● **Work to be completed**:
Copy out each line below verbatim, skipping any picture.

====== Source data

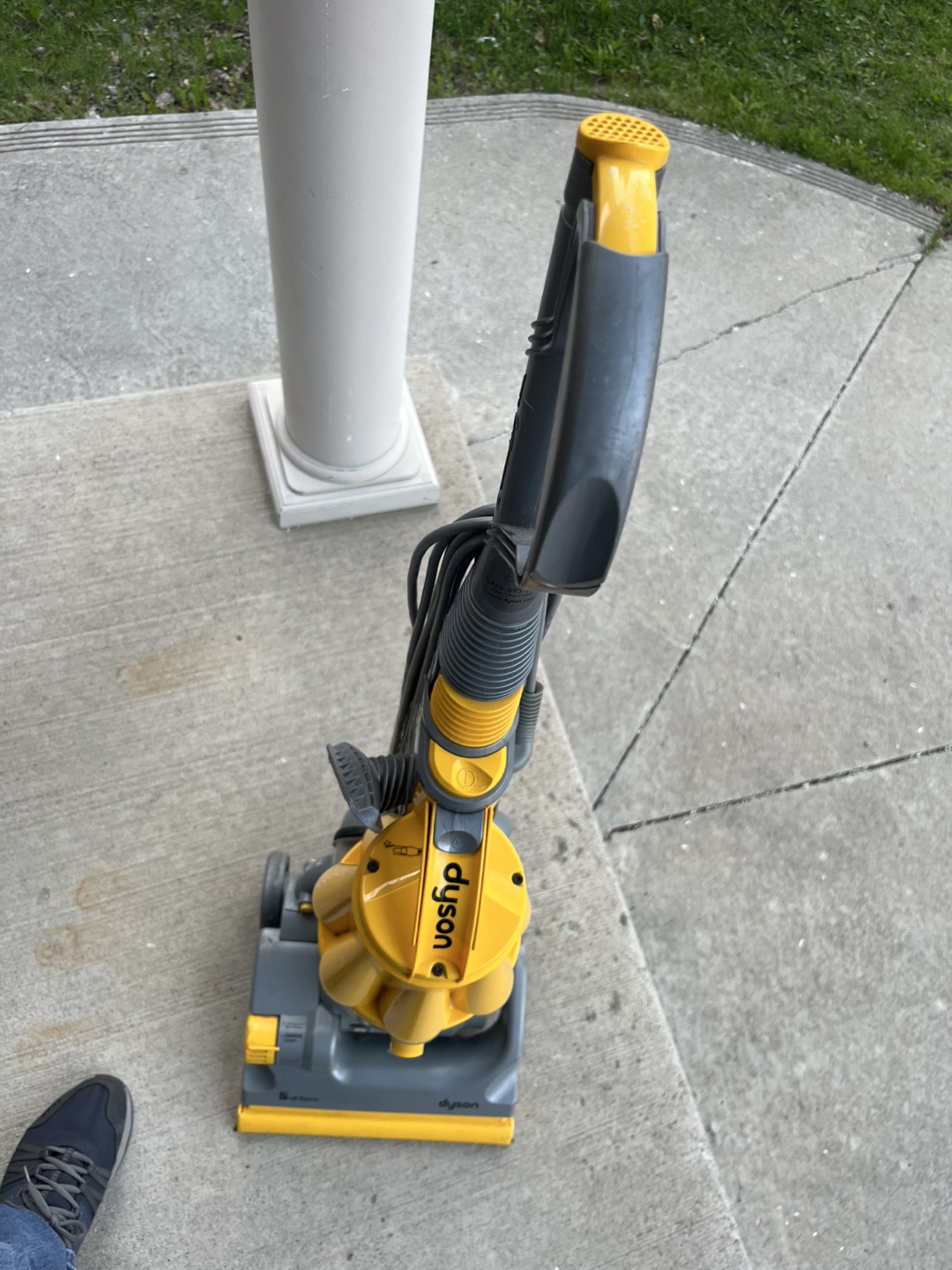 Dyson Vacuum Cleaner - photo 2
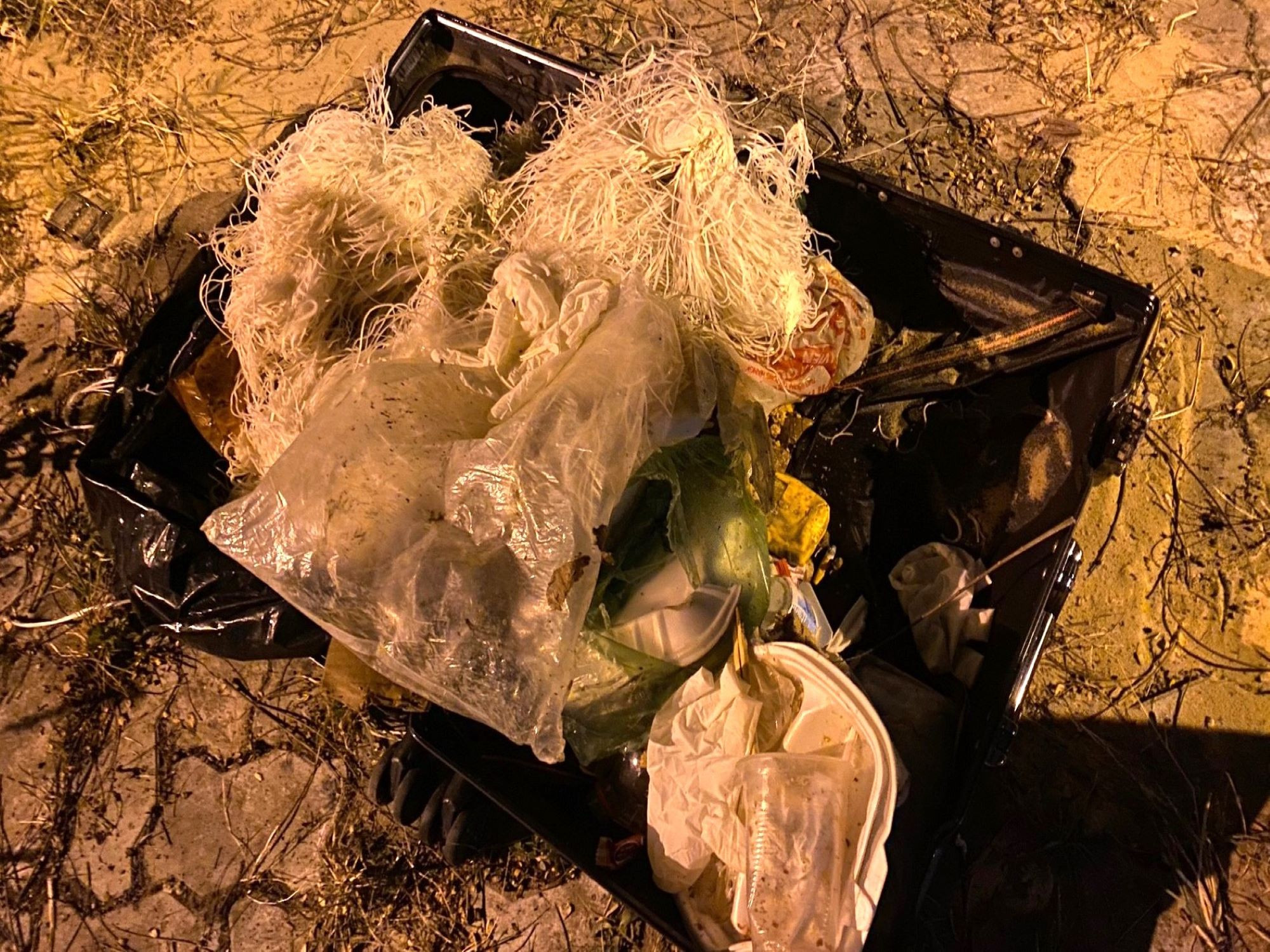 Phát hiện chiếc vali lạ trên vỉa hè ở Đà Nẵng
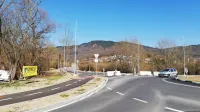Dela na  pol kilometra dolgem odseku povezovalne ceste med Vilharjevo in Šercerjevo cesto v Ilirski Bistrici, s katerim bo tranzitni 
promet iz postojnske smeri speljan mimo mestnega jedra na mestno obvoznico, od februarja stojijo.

============

● **Answer to the problem**:
 Dyson Vacuum Cleaner - photo 2
 Phát hiện chiếc vali lạ trên vỉa hè ở Đà Nẵng
Dela na  pol kilometra dolgem odseku povezovalne ceste med Vilharjevo in Šercerjevo cesto v Ilirski Bistrici, s katerim bo tranzitni 
promet iz postojnske smeri speljan mimo mestnega jedra na mestno obvoznico, od februarja stojijo.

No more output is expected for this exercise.